## Your assignment
Please set down, unchanged, each line from the one with "Spektakuläre Dachgeschoßmaisonette mit" to the final line of the data below, both included. Drop the pictures.

Dataset excerpts:
▶

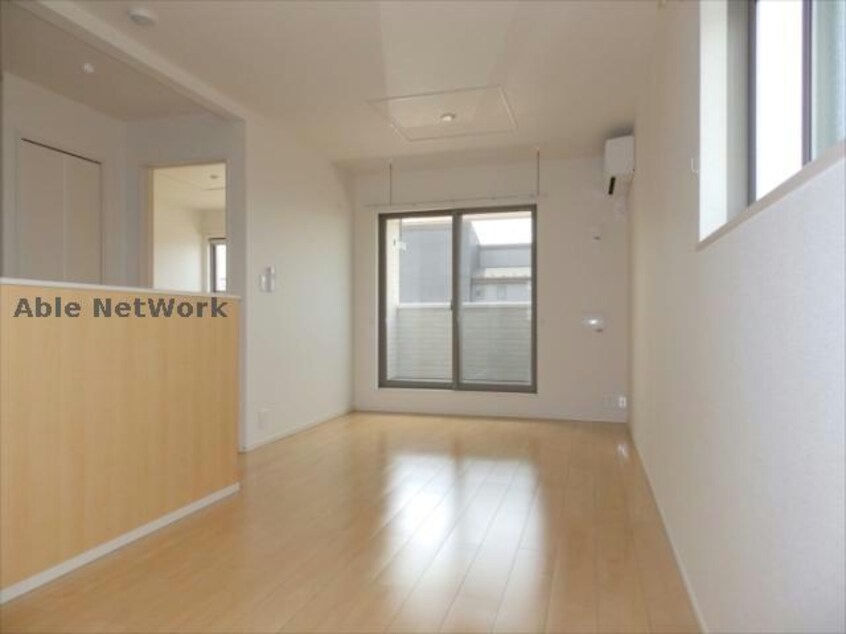 類似 アンソレイエⅥ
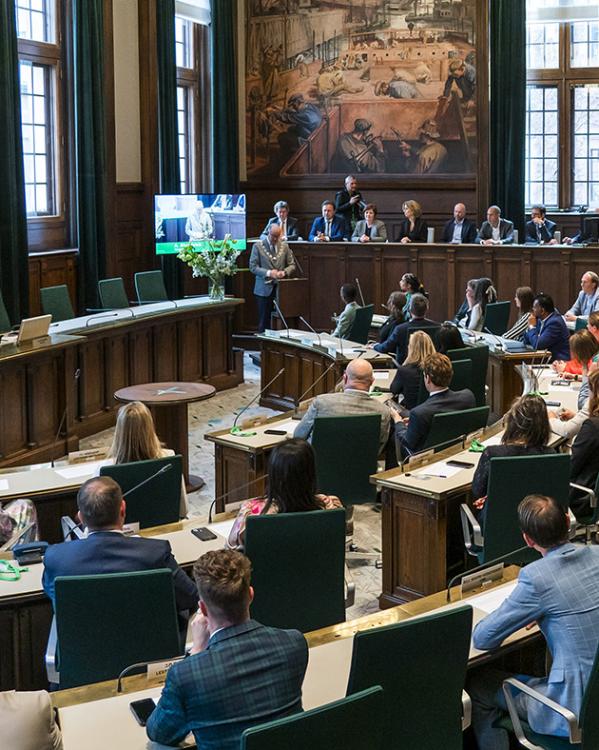 De raadszaal in Rotterdam, waar de gemeenteraad en het college samenkomen
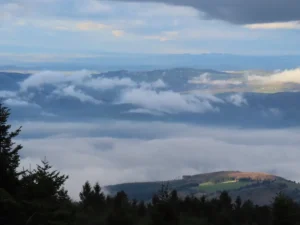 Mer de nuages vue depuis le Crêt de la Perdrix, Monts du Lyonnais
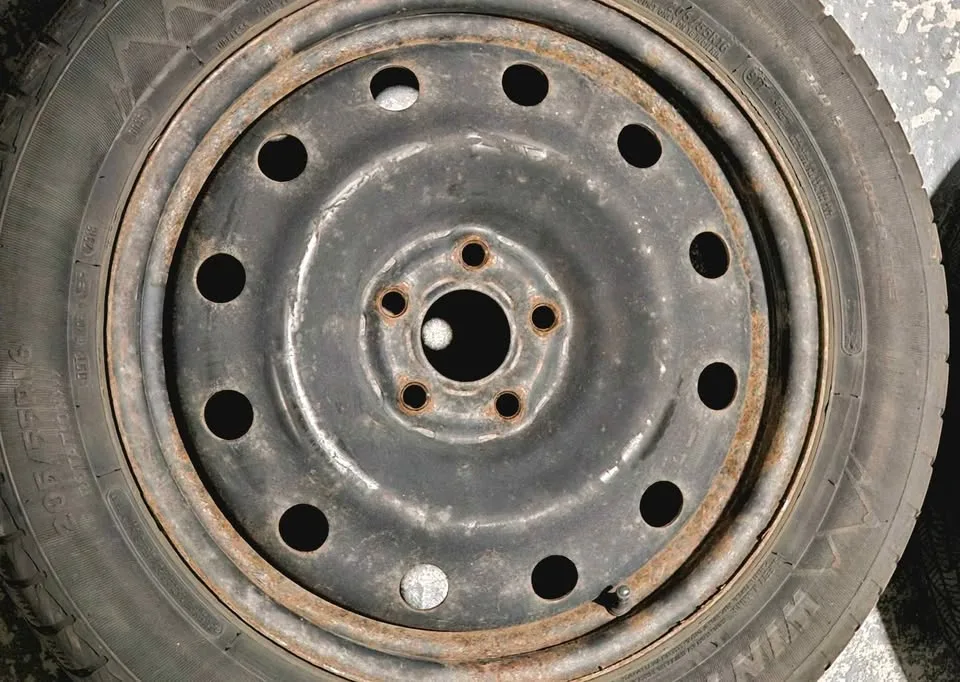 Winter Tires on Rims (4+1) image indicator(5)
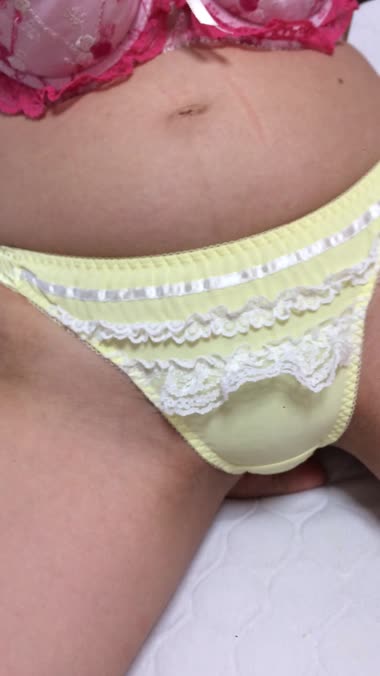 貧乳デカ尻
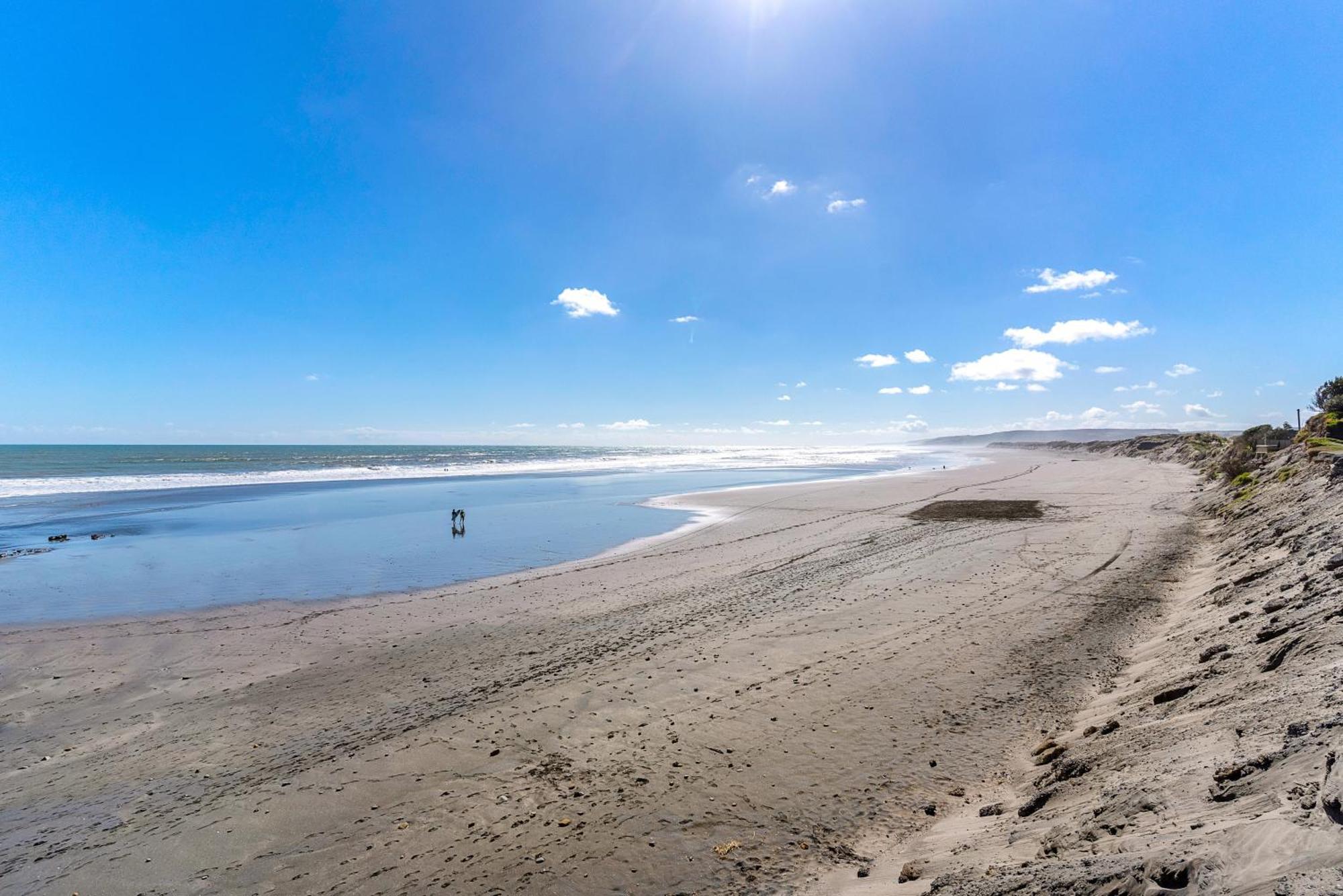 Port Waikato Holiday Park ภายนอก รูปภาพ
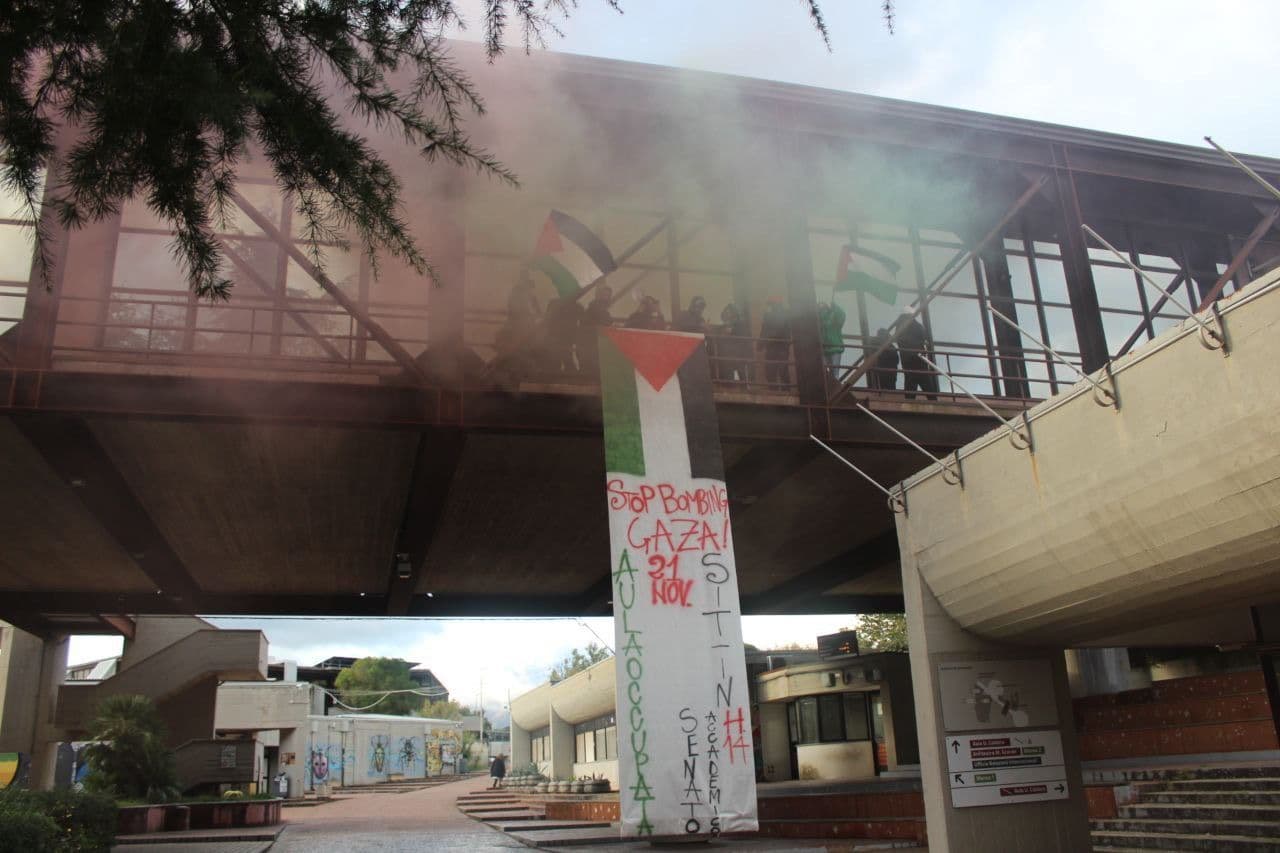 «Posizione ipocrita sulla crisi Israele-Gaza», studenti Unical occupano l’aula Caldora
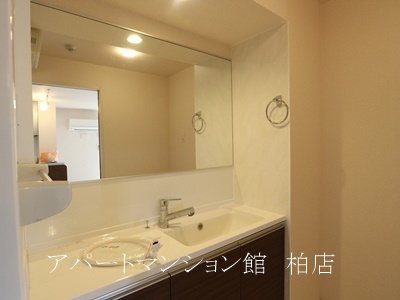 フリージアⅡの洗面所|同施工会社、同型タイプです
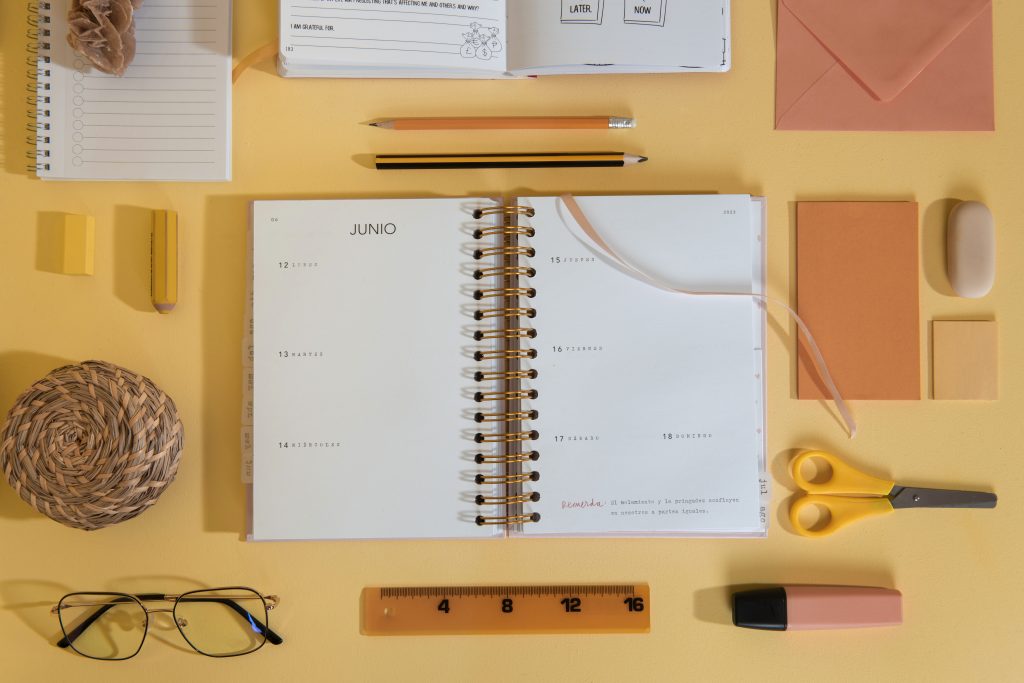 Agendas y calendarios personalizados para empresas: cómo elegir el formato que mejor representa tu marca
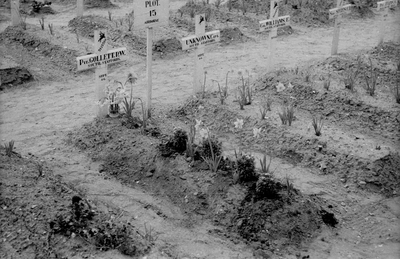 4544 Airborne War Cemetery, 30-04-1946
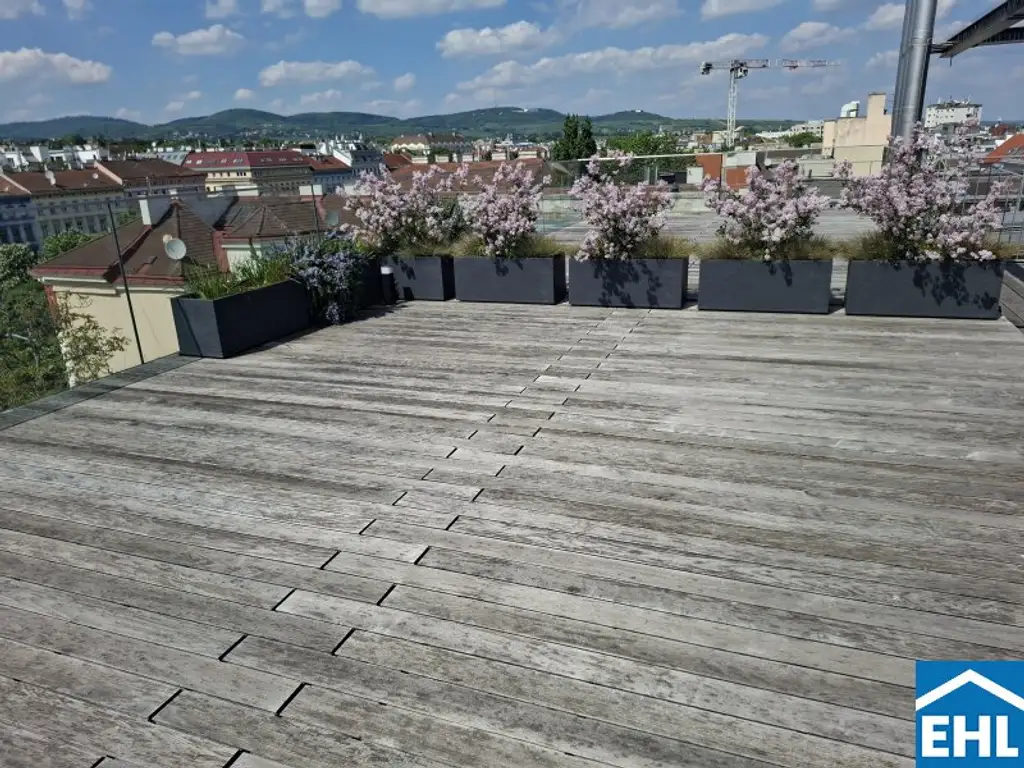 Spektakuläre Dachgeschoßmaisonette mit Terrassentraum und Blick auf die Canisiuskirche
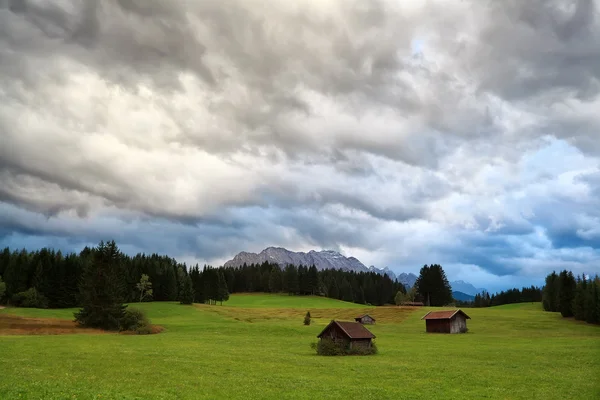 Ciel nuageux pluvieux au-dessus des prairies alpines — Photo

◀

## Worked solution
 Spektakuläre Dachgeschoßmaisonette mit Terrassentraum und Blick auf die Canisiuskirche
 Ciel nuageux pluvieux au-dessus des prairies alpines — Photo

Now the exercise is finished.